• WORK ORDER: Copy the data that appears below exactly. Drop the pictures.

• SOURCE MATERIAL:
____________

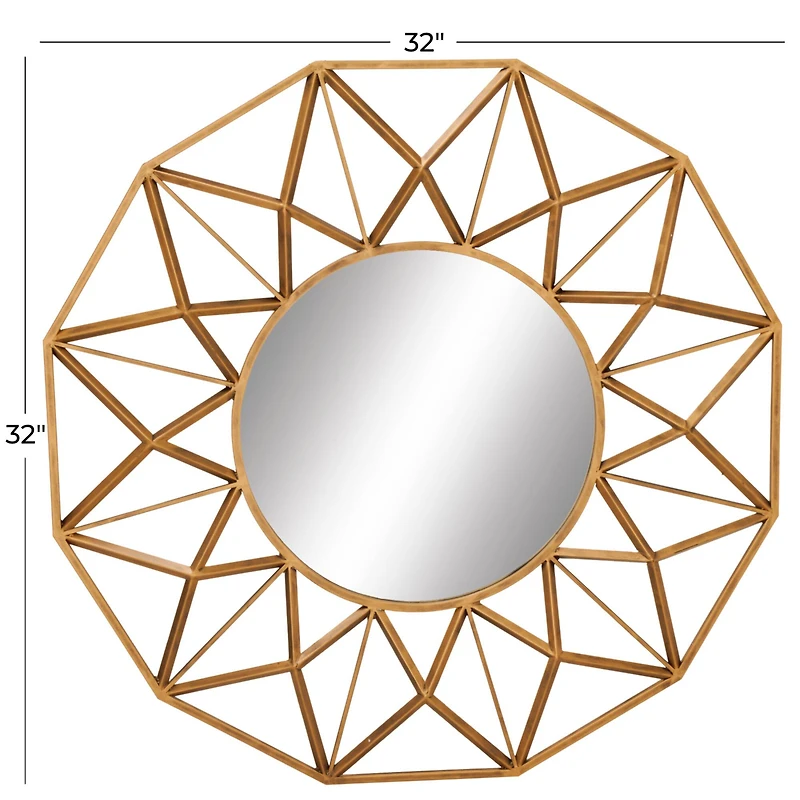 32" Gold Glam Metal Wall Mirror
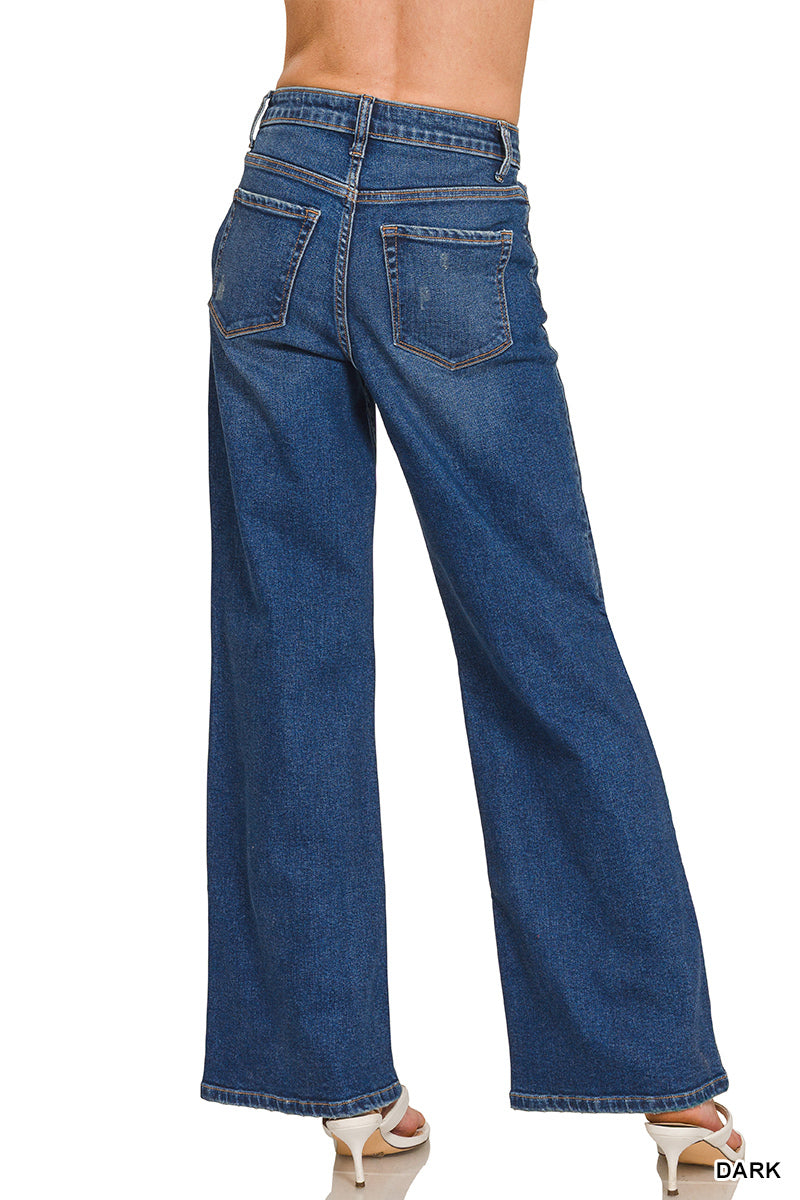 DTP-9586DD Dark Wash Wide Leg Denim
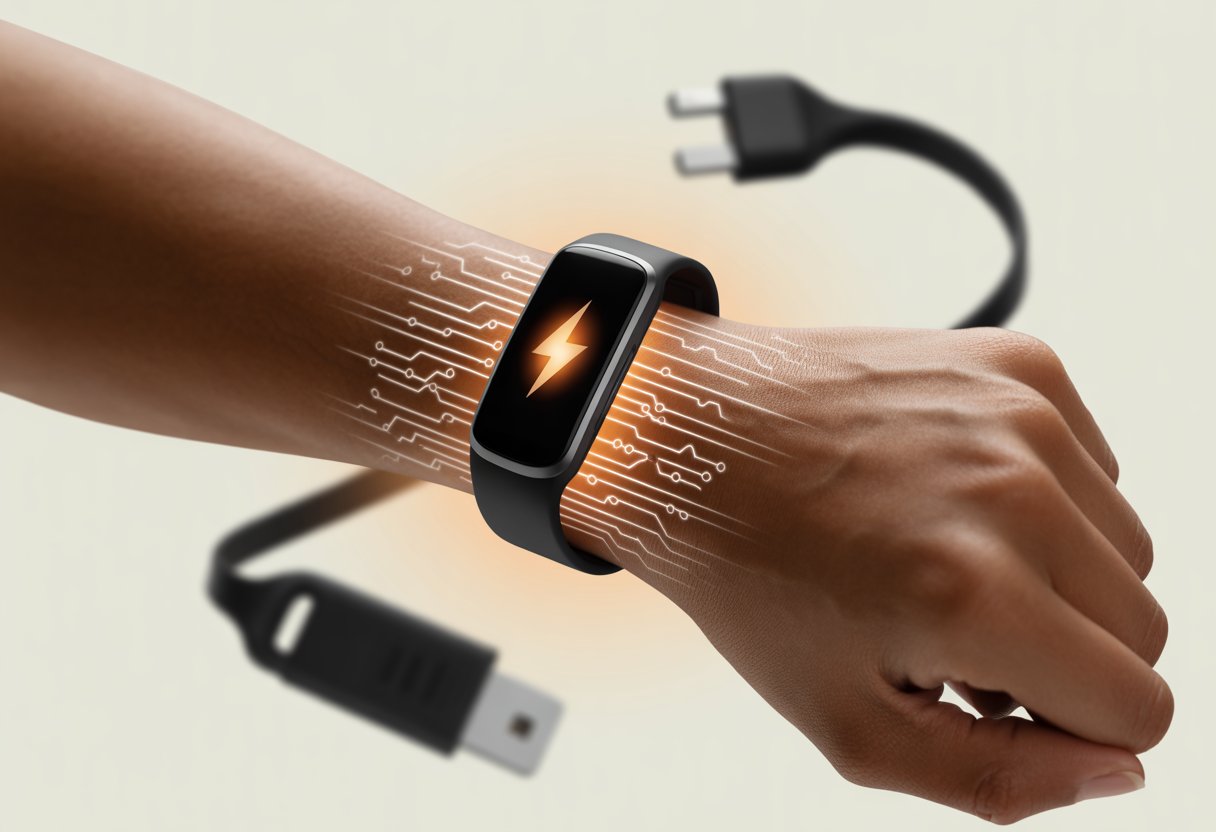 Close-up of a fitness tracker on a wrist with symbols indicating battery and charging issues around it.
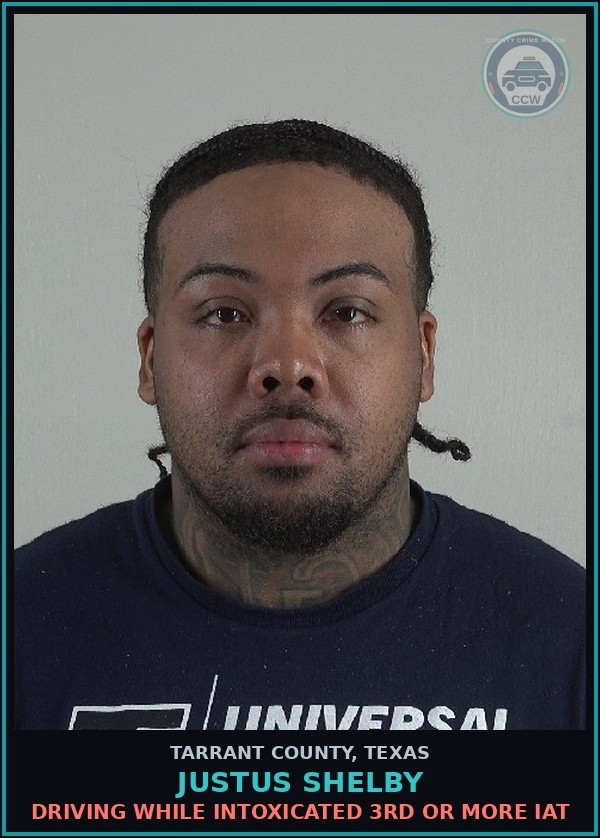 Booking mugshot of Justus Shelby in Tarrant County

____________

• EXERCISE RESULT:
 32" Gold Glam Metal Wall Mirror
 DTP-9586DD Dark Wash Wide Leg Denim
 Close-up of a fitness tracker on a wrist with symbols indicating battery and charging issues around it.
 Booking mugshot of Justus Shelby in Tarrant County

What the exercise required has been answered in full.